(Exercise material)
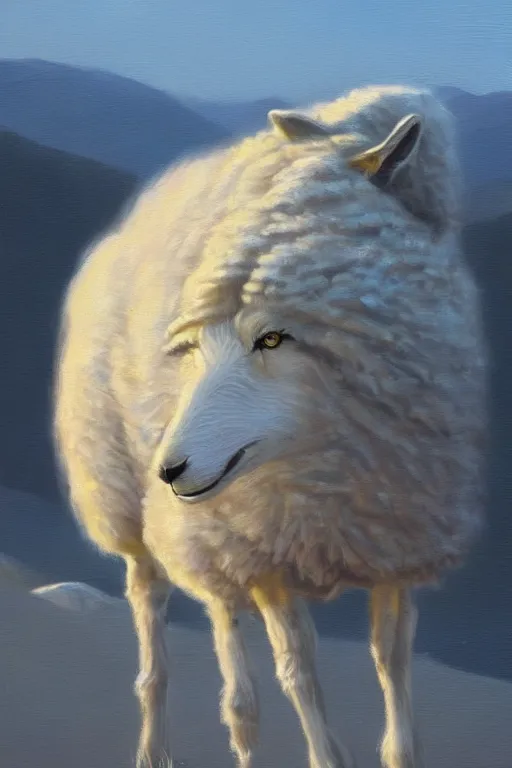 Image similar to sheep wolf, oil paintig, artstation, concept art, national geographics, golden hour, beautiful, 6 0 0 mm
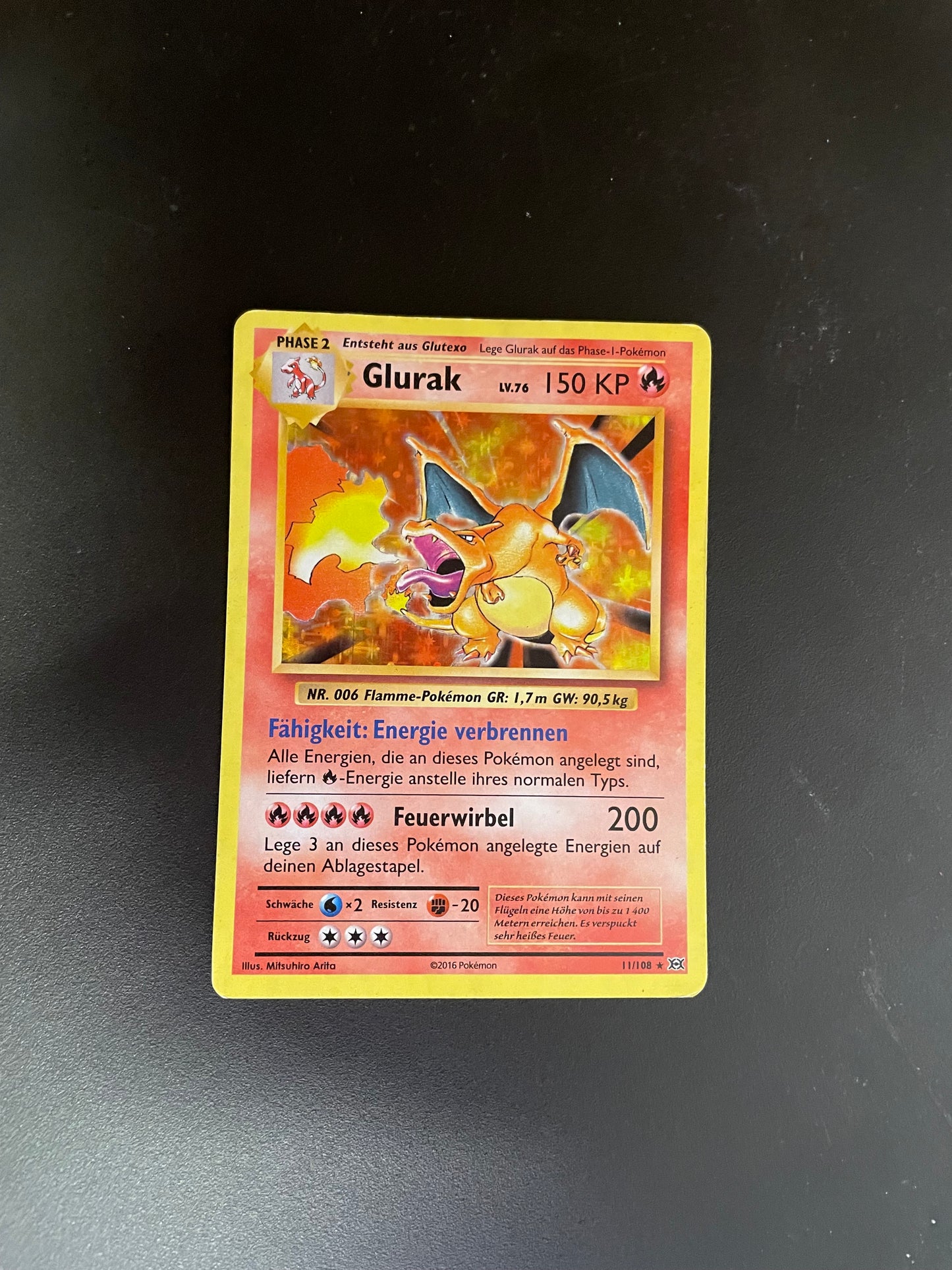 Pokemon Karte Holo Glurak 11/108 Deutsch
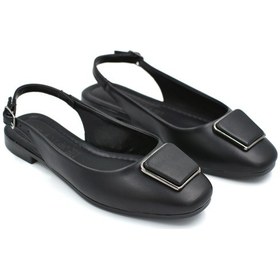 Resim Beyaz Park Moda Burnu Kapalı Toka Detaylı Kaadın Babet Siyah Siyah 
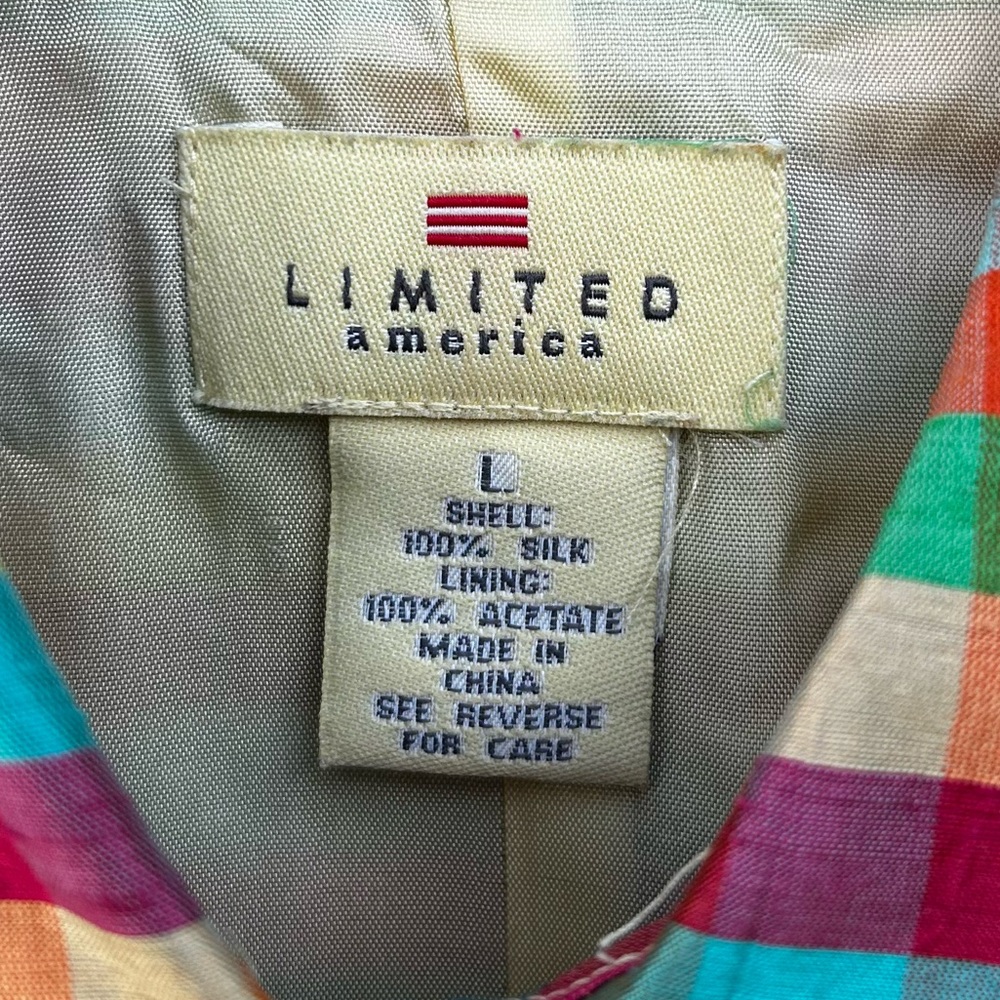 Vintage Limited America Check Plaid Silk Sleeveless Shirt Rainbow Color L - Picture 4 of 15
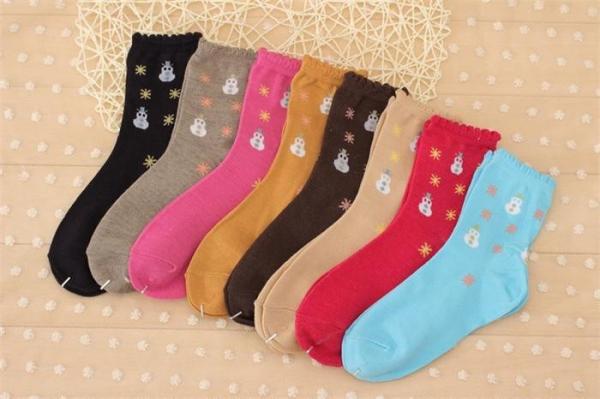 Fashion korean cute cartoon christmas patterned design thick cotton dress socks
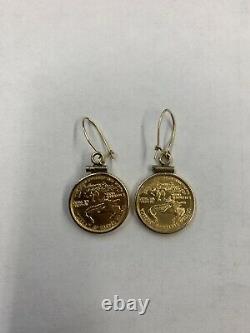 2 Standing Lady Liberty 5 Dollar 1/10 OZ. 999 Fine Gold Coin earrings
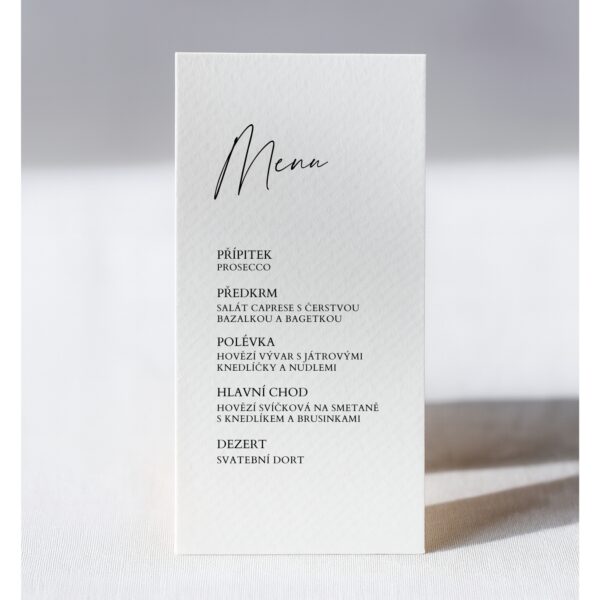svatební menu Jasmine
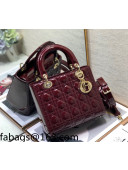 Dior Lady Dior Medium Bag in Burgundy Patent Cannage Calfskin 2022 70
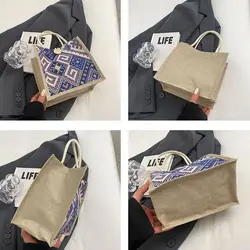 Bolsa de merienda de lona étnica para niñas - Amplia capacidad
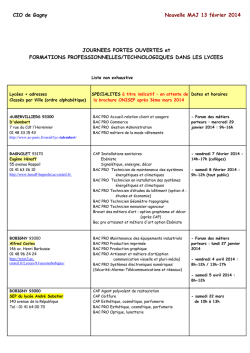 JOURNEES PORTES OUVERTES et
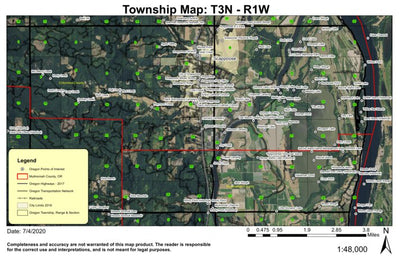 Super See Services Multnomah Channel T3N R1W Township Map digital map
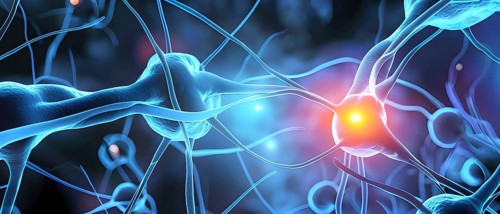 Visualization of neurons firing neurotransmitters in the synaptic gap, AI generated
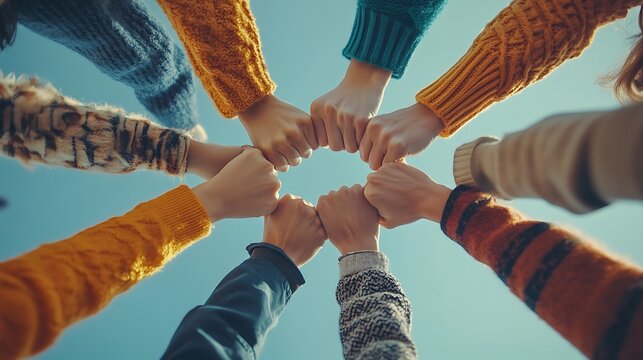 Friends Joining Fists Together Against Sky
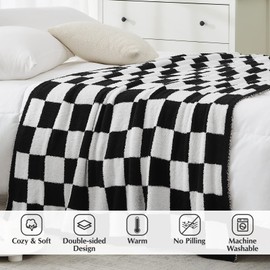 WRENSONGE Checkered Throw Blanket, Black and White Microfiber Soft Cozy Fluffy Warm Hand Made Throw Blankets for Couch, Sofa, Chair, Bed, Camping, Picnic, Travel Lightweight Bed Blanket - 50"*70"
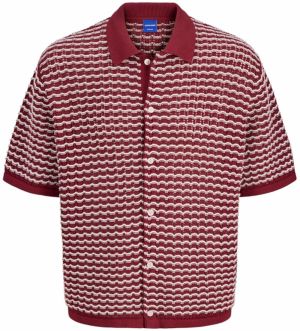 JACK & JONES Kardigán 'JORDIA'  bordová / biela
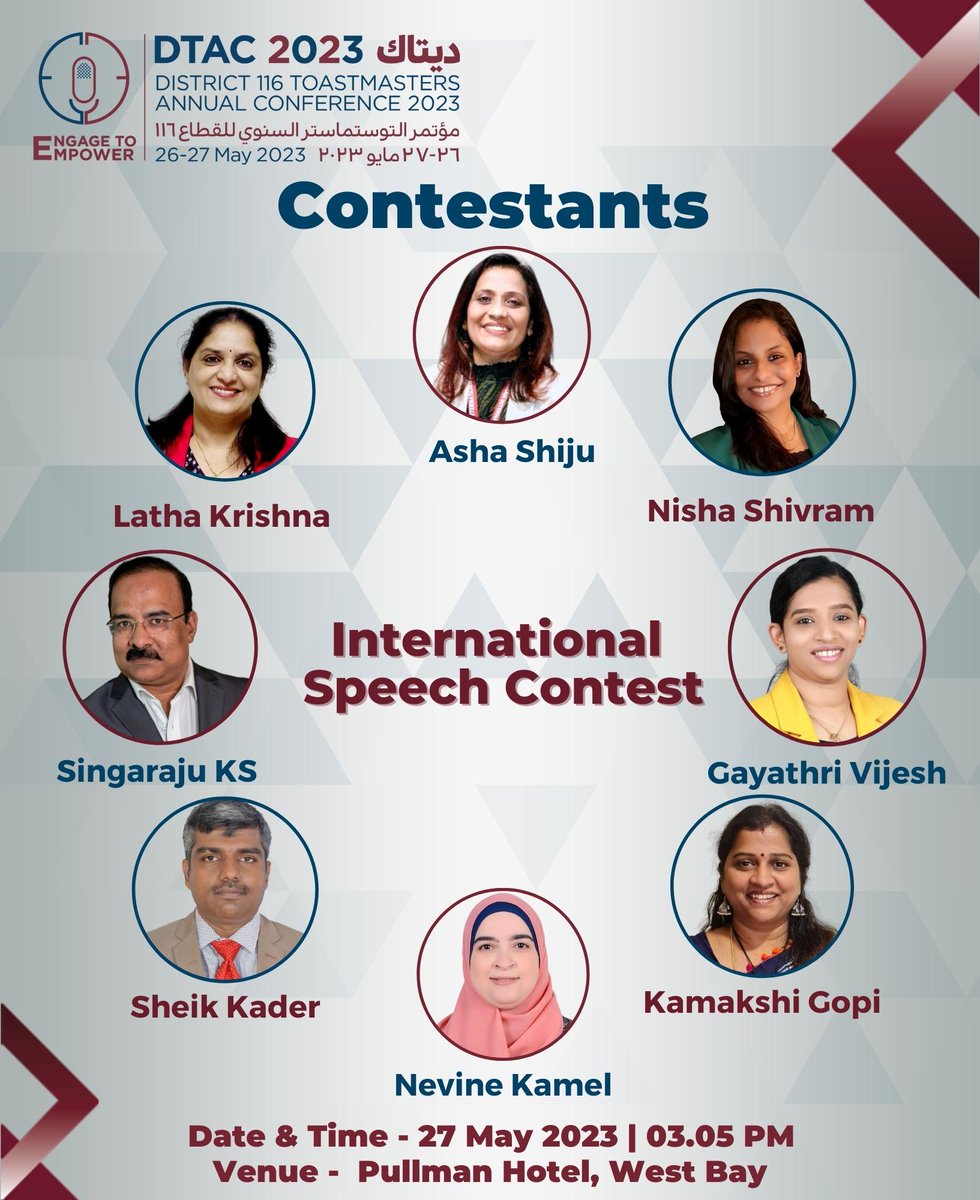 DtacQatar's tweet photo. *DTAC 2023 Contestants*

Get ready to witness an array of eloquent speakers on stage, giving each other a tough competition to win the coveted title of District Champion in each category.

Here are the *Contestants of DTAC 2023*
ENGAGE TO EMPOWER 
#dtac2023 https://t.co/ldP61xjbWU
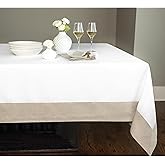 Solino Home Linen Tablecloth 60 x 120 Inch - 100% Pure Linen Natural and White Table Cloth for Rectangle Tables - Contempo, Machine Washable Tablecloth for Winter, Spring, Easter, Mothers Day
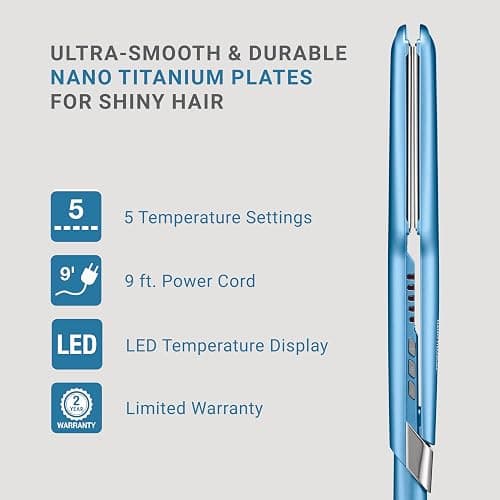 BabylissPRO Nano Titanium Ultra-Sleek Hair Straightener, Flat Iron for All Hair Types thumbnail 3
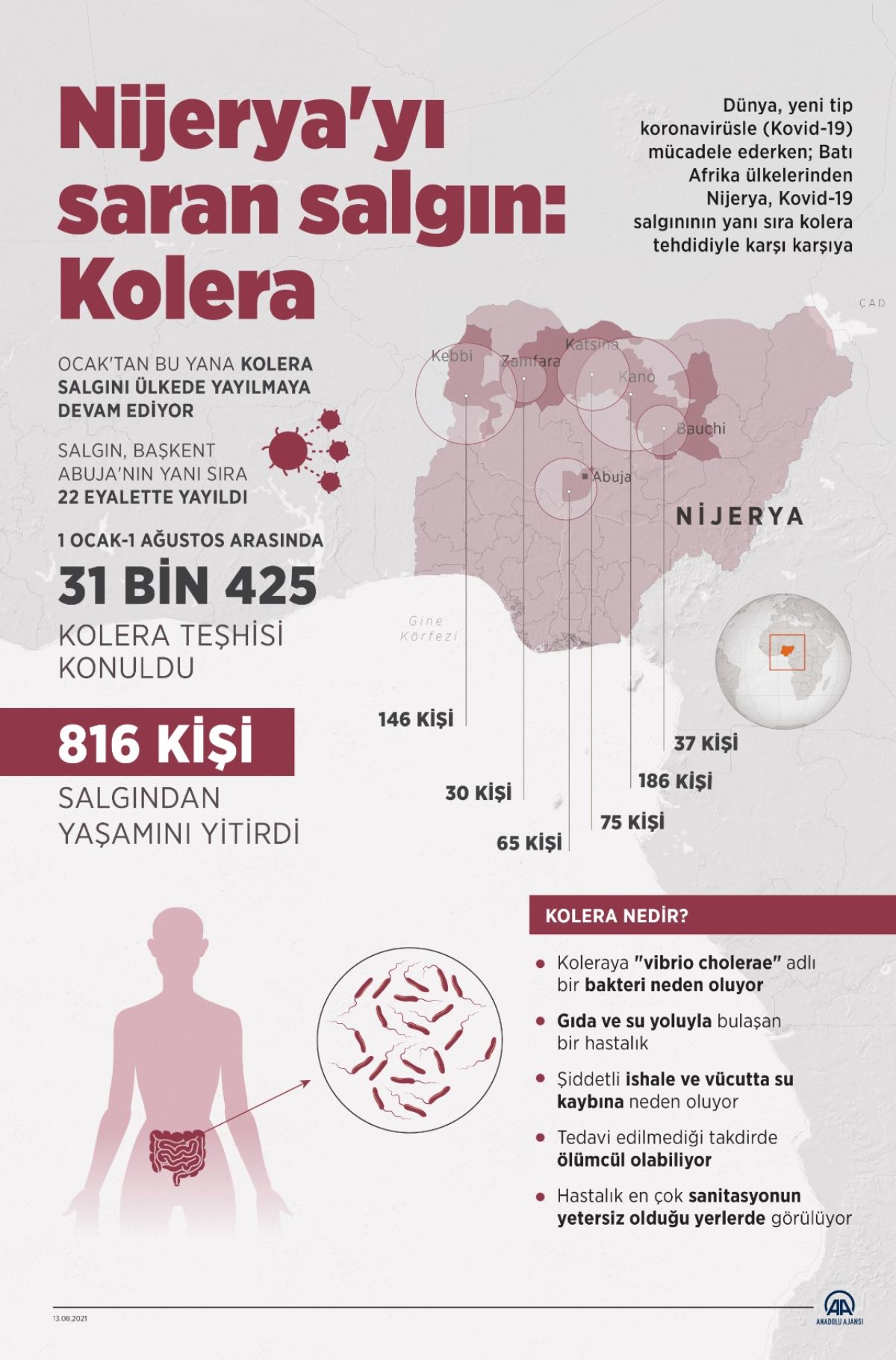Nijerya'nın Kaduna eyaletinde 83 kişi koleradan yaşamını yitirdi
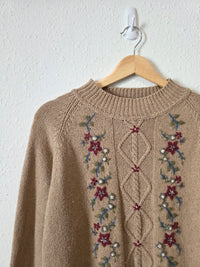 Vintage Floral Embroidered Silk Blend Sweater (LP)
(End Exercise material)
» What to produce: An exact copy of all the lines above is required, with the pictures removed.

» Written answer:
 Image similar to sheep wolf, oil paintig, artstation, concept art, national geographics, golden hour, beautiful, 6 0 0 mm
 Pokemon Karte Holo Glurak 11/108 Deutsch
 Resim Beyaz Park Moda Burnu Kapalı Toka Detaylı Kaadın Babet Siyah Siyah 
 Vintage Limited America Check Plaid Silk Sleeveless Shirt Rainbow Color L - Picture 4 of 15
 Fashion korean cute cartoon christmas patterned design thick cotton dress socks
 2 Standing Lady Liberty 5 Dollar 1/10 OZ. 999 Fine Gold Coin earrings
svatební menu Jasmine
 Dior Lady Dior Medium Bag in Burgundy Patent Cannage Calfskin 2022 70
 Bolsa de merienda de lona étnica para niñas - Amplia capacidad
 JOURNEES PORTES OUVERTES et
 Super See Services Multnomah Channel T3N R1W Township Map digital map
 Visualization of neurons firing neurotransmitters in the synaptic gap, AI generated
 Friends Joining Fists Together Against Sky
 WRENSONGE Checkered Throw Blanket, Black and White Microfiber Soft Cozy Fluffy Warm Hand Made Throw Blankets for Couch, Sofa, Chair, Bed, Camping, Picnic, Travel Lightweight Bed Blanket - 50"*70"
 JACK & JONES Kardigán 'JORDIA'  bordová / biela
 DtacQatar's tweet photo. *DTAC 2023 Contestants*

Get ready to witness an array of eloquent speakers on stage, giving each other a tough competition to win the coveted title of District Champion in each category.

Here are the *Contestants of DTAC 2023*
ENGAGE TO EMPOWER 
#dtac2023 https://t.co/ldP61xjbWU
 Solino Home Linen Tablecloth 60 x 120 Inch - 100% Pure Linen Natural and White Table Cloth for Rectangle Tables - Contempo, Machine Washable Tablecloth for Winter, Spring, Easter, Mothers Day
 BabylissPRO Nano Titanium Ultra-Sleek Hair Straightener, Flat Iron for All Hair Types thumbnail 3
Nijerya'nın Kaduna eyaletinde 83 kişi koleradan yaşamını yitirdi
 Vintage Floral Embroidered Silk Blend Sweater (LP)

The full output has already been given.